The Australians were so reluctant to allow the Maltese to identify as British, that when in 1936, the Maltese again challenged their exclusion from the cane cutting quota, the court ruled that ‘British’ referred to people born in the British Isles or Australia, but specifically “not Maltese or men born in Europe who have become naturalised British subjects”.
Photographs break down barriers
Faced with continued restrictions on Maltese migration, Commissioner for Malta Captain Henry Curmi was among those who took steps to change the perception of the Maltese, giving talks and lectures, writing newspaper articles, and making radio broadcasts highlighting Malta’s heroic wartime defence against Axis attacks.
By September 1943 – exactly 80 years ago – the threat to Malta had passed, so he shifted his attention to promoting photos of Maltese migrants serving in the Australian military.
Commissioner Curmi organised an exhibition of photographs of Maltese serving in the Australian forces at his Melbourne office in a bid to overcome “misunderstandings” about the Maltese.
Earlier, the Mackay Daily Mercury had similarly published photographs of Maltese who had enlisted under the headline ‘Our gallery of Mackay volunteers’. All the soldiers in the photographs were Maltese migrants.
The authors note that in the exhibited photos, the Maltese “were indistinguishable from Australians and far removed from pre-war depictions of them as lazy, ill-disciplined, untrustworthy, even threatening foreigners”.
By the end of the war, the Australian government agreed to place Maltese migrants on the same footing as British migrants from the UK, citing Malta’s heroic contribution to the war effort.
The war had acted as a watershed moment: Henry Berry, of the Warrego Graziers’ Association, proposed a free flow of Maltese migrants, as they were “a people second only to the British” who would help maintain a “white Australia”. And the Australian Legion of Ex-Servicemen and Women proposed preference be given to migrants of “British and Nordic stock, and to the Maltese”.

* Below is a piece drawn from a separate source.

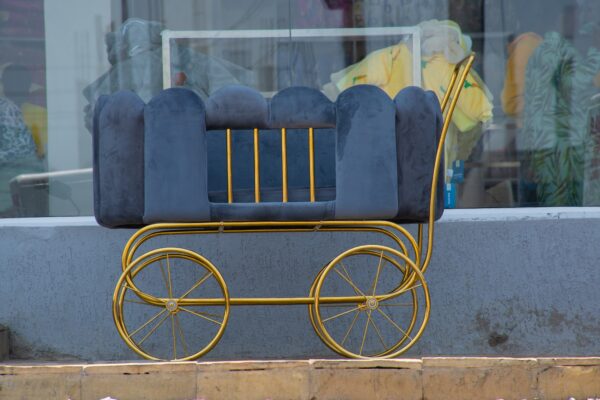 Luxury Velvet Baby Bassinet Stroller – Gold Frame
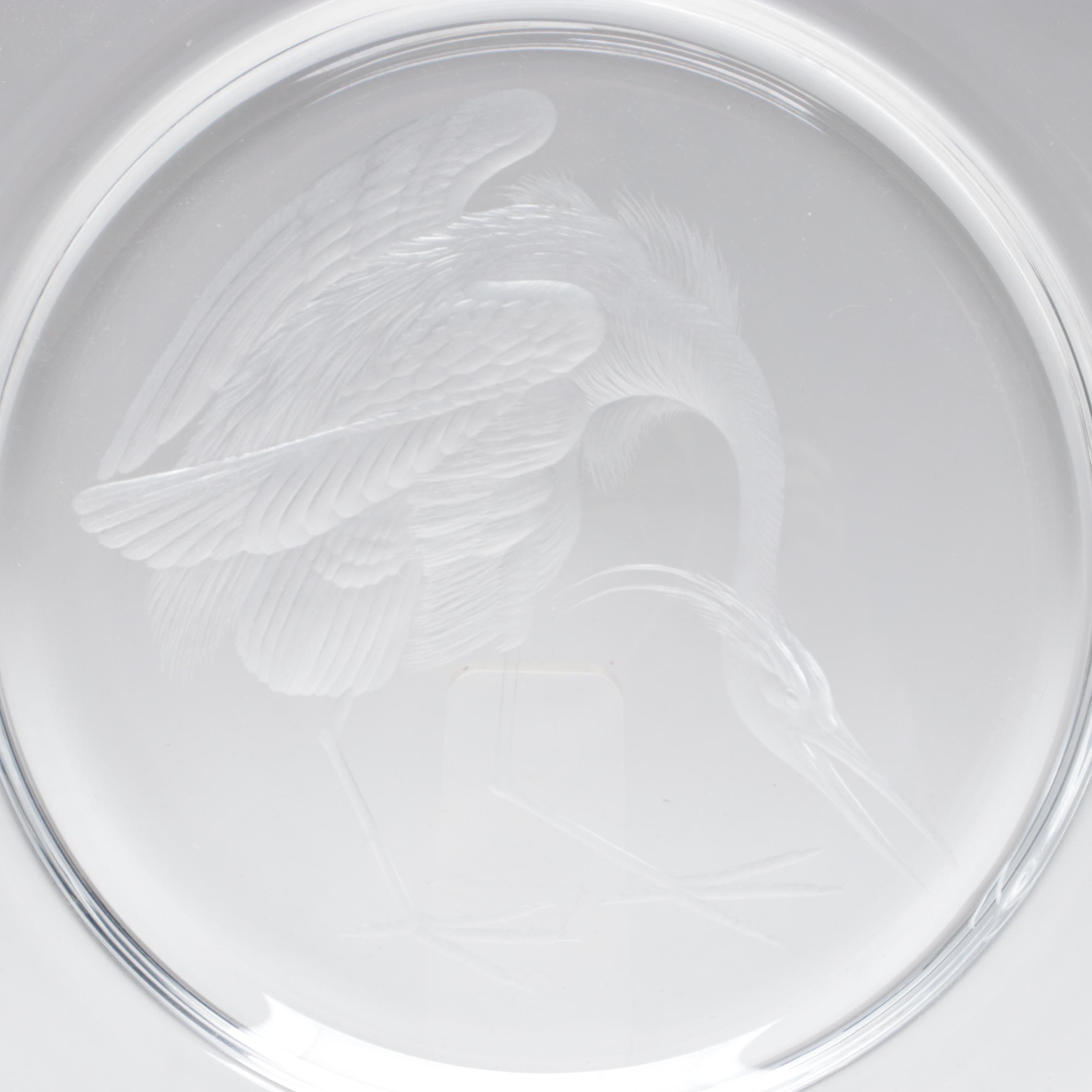 Steuben Art Glass "Audubon Birds" Clear Engraved Plates, Mid to Late 20th C.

But the authors note that while over 40,000 Maltese received assisted passage from 1948 to 1970, prejudices remained part of the lived experience of Maltese migrants.
Historian Barry York’s father Loreto, the authors note, recalled “really disgusting” racism after immigrating in 1954: “If I heard the word ‘dago’ once, I heard it 30 times a day… ‘bloody dagoes – why don’t you go back?’”.
An agreement drawn up in 1948 saw around 10 per cent of Malta’s population migrate to Australia.